What It Feels Like to 'Live in Past Tense' Since Losing My Brother
Eleven years, that is how long is has been since I lost my brother. Eleven years, so in a way, I’m just getting started. Last year I was able to conceptualize what I have come to know as the “lost years of grief” — to me, the time that lies between loss and awakening are the lost years. During that time, in my experience, you are so thick in your grief you don’t really know up from down. You are just going through the motions. In understanding my own “lost years” I have found myself spending a great deal of time in reflection. Understanding the “lost years” exist is just a starting point. It was a place where I woke up in my life, after loss, and started tearing everything up. Trying this or that, just to see what fit, what felt right. I didn’t really know who I was anymore. I just had an image of who I thought I was going to be, and nothing seemed to fit anymore. I had to try to understand my life, my new life after loss. In that time I have come to learn and understand a lot about loss.

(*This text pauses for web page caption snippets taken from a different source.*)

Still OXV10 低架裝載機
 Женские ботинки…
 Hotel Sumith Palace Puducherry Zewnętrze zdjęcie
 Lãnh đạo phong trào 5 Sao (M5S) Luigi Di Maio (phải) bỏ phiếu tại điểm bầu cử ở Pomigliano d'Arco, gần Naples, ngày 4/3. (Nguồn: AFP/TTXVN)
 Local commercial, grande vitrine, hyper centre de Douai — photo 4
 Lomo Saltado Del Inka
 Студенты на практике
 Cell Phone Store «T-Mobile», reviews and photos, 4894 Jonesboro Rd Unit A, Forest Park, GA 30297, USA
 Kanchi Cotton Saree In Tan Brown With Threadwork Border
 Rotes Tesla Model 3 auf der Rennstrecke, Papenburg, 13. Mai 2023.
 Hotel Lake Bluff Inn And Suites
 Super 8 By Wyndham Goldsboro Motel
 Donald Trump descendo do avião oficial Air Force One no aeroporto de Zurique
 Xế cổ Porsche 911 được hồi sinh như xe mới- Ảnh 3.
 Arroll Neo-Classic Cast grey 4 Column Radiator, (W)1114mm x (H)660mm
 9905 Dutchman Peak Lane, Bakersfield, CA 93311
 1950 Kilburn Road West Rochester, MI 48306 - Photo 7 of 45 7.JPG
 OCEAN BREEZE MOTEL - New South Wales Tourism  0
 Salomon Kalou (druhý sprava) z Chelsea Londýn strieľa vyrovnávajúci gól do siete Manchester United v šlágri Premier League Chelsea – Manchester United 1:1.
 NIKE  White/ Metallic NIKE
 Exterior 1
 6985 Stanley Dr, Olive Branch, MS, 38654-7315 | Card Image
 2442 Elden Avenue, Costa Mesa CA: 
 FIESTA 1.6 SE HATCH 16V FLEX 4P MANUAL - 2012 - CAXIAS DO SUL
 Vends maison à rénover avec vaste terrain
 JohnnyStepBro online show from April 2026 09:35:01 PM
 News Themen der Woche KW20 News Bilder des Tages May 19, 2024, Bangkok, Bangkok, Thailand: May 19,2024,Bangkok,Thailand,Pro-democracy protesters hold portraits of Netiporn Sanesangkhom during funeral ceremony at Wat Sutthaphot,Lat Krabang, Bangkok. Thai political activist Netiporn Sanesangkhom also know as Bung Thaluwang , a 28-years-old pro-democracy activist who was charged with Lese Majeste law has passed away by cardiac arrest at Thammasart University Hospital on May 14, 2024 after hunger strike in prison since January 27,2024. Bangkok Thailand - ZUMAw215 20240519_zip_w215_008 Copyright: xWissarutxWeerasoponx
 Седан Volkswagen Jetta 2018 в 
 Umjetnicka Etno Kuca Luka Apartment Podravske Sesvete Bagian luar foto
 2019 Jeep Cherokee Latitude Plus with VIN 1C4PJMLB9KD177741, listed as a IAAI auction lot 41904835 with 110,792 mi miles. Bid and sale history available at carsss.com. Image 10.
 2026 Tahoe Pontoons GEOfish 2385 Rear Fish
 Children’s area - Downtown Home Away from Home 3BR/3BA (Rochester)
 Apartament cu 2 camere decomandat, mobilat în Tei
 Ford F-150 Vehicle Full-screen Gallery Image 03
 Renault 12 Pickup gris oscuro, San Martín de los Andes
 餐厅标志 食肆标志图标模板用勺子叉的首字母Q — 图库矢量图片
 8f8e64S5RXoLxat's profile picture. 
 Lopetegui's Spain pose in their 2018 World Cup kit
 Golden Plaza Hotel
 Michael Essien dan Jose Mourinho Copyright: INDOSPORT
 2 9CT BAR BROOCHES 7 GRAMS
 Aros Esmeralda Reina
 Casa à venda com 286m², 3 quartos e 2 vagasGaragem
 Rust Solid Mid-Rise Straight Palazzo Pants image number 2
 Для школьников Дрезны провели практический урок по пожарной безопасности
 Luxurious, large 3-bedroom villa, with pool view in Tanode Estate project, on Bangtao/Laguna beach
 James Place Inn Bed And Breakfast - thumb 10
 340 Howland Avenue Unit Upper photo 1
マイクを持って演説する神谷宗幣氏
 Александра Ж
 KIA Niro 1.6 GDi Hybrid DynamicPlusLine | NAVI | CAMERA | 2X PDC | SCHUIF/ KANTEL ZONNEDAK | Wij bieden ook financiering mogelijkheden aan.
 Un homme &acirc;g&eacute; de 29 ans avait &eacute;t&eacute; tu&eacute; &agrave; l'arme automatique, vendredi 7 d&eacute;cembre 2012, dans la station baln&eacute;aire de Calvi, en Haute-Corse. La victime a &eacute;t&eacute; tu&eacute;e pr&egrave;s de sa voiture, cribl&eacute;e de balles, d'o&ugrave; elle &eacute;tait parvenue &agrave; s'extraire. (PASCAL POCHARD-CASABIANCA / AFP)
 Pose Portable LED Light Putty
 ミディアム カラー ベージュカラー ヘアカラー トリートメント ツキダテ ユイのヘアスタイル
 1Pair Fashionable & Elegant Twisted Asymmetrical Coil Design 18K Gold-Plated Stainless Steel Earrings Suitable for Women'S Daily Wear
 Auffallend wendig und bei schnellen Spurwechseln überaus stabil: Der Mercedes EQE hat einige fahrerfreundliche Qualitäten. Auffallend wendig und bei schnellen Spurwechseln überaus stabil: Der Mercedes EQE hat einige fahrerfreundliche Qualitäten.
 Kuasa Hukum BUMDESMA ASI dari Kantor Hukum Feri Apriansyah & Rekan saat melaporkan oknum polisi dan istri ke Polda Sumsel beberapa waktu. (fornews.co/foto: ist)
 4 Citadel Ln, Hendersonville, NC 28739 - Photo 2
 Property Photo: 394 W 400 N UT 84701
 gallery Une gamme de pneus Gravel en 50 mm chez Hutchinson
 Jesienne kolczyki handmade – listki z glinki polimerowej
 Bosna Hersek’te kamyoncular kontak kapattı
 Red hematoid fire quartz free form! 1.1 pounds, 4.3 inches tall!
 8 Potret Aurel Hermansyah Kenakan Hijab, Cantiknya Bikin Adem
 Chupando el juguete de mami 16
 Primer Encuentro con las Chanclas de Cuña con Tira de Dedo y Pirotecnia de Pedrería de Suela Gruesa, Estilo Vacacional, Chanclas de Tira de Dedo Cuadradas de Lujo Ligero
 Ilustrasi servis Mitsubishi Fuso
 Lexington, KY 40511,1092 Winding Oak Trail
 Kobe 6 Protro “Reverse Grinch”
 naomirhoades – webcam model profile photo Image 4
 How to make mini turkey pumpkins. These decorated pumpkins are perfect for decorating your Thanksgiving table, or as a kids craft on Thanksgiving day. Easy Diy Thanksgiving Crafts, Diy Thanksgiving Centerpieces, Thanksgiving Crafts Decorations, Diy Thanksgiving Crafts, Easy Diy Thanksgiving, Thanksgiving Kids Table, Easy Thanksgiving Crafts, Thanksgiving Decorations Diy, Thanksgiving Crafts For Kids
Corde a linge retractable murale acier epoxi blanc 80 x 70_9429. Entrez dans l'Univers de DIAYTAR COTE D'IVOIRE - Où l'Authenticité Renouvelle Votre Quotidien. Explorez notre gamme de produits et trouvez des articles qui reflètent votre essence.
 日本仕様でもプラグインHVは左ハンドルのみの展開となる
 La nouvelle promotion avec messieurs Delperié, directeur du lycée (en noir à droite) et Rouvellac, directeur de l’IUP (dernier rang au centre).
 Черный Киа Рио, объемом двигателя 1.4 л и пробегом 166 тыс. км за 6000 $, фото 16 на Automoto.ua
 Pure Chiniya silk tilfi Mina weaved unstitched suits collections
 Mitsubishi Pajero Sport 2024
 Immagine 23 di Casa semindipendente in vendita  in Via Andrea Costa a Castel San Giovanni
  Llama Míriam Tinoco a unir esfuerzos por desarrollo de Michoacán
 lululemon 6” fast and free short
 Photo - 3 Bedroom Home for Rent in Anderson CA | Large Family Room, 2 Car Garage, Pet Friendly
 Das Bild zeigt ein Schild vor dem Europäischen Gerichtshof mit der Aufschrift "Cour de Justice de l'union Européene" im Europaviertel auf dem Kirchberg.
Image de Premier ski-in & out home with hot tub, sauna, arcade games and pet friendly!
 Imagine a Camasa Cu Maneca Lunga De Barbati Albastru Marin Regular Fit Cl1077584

Firstly, loss is unpredictable. How each person will handle their grief is unknown. Sometimes a memory will make you laugh or smile, and another time it will leave you in a corner crying, unable to recover. Sometimes we can talk about it, and sometimes we can’t. Some days are tolerable, and others are not. Why is this? Who knows. Unpredictability, to me, that is at the very core of loss, it is the true nature of loss. In loss I have found that every emotional stage of grief, from denial to anger to bargaining to depression to acceptance, is experienced, but how they each look and for how long a person will exist in each stage or how many times they will revisit it, that is unpredictable. I didn’t even realize I was going through stages of loss until much later. I knew the stages existed, but I didn’t really understand them as I do now. They were just a concept. I think you have to go through them all before you really believe they exist. As with many things, you don’t really fully understand an experience when you are in the thick of it. It’s not until after you have emerged that you can look upon the experience with a clean set of eyes.
Besides its fervent unpredictability, I have learned that loss is uncomfortable. It’s an uncomfortable, unexplainable feeling. It’s one of the most uncomfortable things for people to talk about. The weight of not really knowing what to say or how to approach the topic. Yet it feels like the people who have lost, who are grieving, who are broken, ache to find comfort and connection. Almost like loss is some secret club that no one really wants to belong to but once you join you look around trying to find your fellow soldiers without really drawing attention to yourself. Why? Because it’s uncomfortable. It’s uncomfortable to grieve because it’s vulnerable, and vulnerability is terrifying. So often we save this grief for a safe place, a safe time. Away from judgment or questioning. Maybe we bring it out once a year, on the anniversary of loss, on the birthday of the deceased, in those moments when a memory is triggered, but only then, because who wants to be uncomfortable? Although, what I have learned is the more we talk about it, the more we write about it, the more honest and open conversations we have about it, as uncomfortable as it may be, the more healing actually takes place.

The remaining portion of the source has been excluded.